Moim zdaniem nowy „budżetowy” iPhone, którego premiery ma nastąpić w marcu, nie będzie się nazywał ani „iPhone SE 2”, ani „iPhone 9”, ale nazwa jest tutaj drugorzędna – ważne, jaką będzie miał specyfikację, dizajn, cenę i czy okaże się choć częściowo tak popularny, jak iPhone SE. Na kanale ConceptsiPhone pojawił się właśnie nowy koncept tego modelu, którego autorowi jest bliżej do nazwy „iPhone 9”.

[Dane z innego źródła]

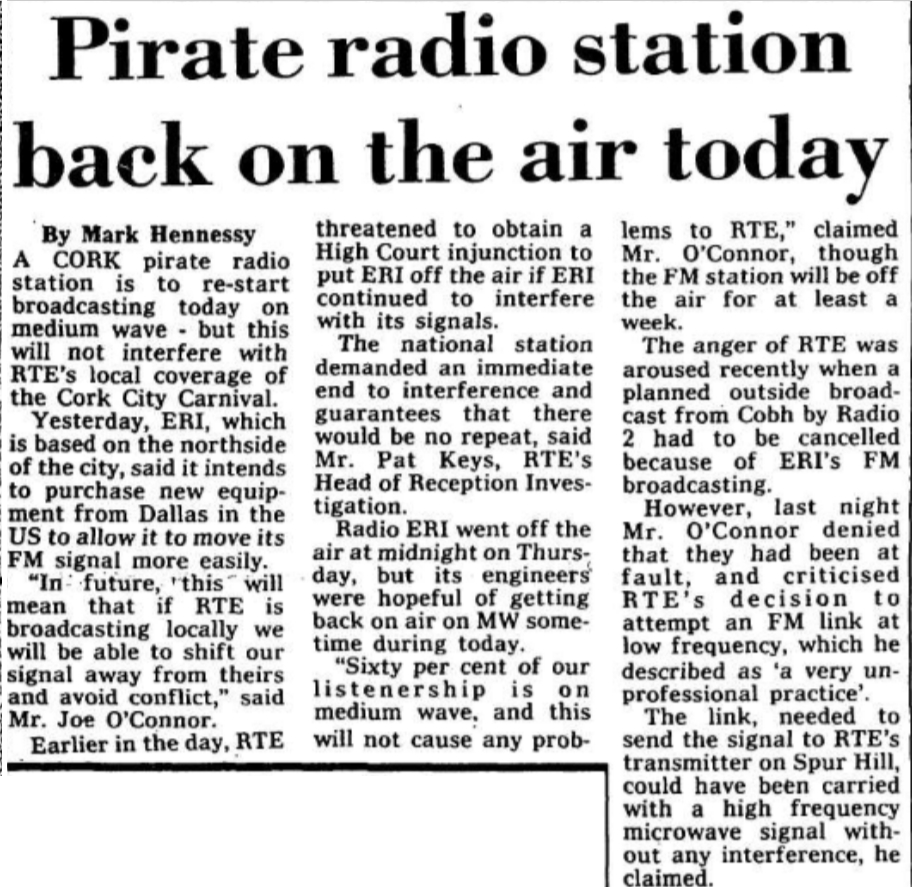 Radio ERI Cork Examiner - August 29th 1987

Wizualnie telefon nie odróżnia się za bardzo od iPhone’a 8. I nic w tym dziwnego – według niemal wszystkich przecieków, nowy budżetowiec ma wyglądać właśnie niemal identycznie, jak ostatni w ofercie Apple iPhone z szerokimi ramkami wokół ekranu i przyciskiem Home z Touch ID.
Zdecydowanie inne mają być jednak jego podzespoły, w tym głównie procesor – iPhone 9/SE 2 ma być wyposażony w najnowszy chip A13 Bionic, czego nie zapomniał uwzględnić autor konceptu.
W zgodzie z większością doniesień jest też przekonanie autora, że telefon będzie posiadał pojedynczą, ale znacznie ulepszoną względem iPhone’a 8 tylną kamerę – prawdopodobnie coś pomiędzy aparatem iPhone’a XR i iPhone’a 11.
Twórca konceptu pokazuje też, jak nowy budżetowy iPhone wyglądałby w kolorze czarnym, białym, (PRODUCT)RED i znanym z iPhone’a 7 – jet black (onyks).
Cena jego zdaniem będzie wynosiła jedynie 399 dol., co również pokrywa się z przeciekami na temat tego modelu.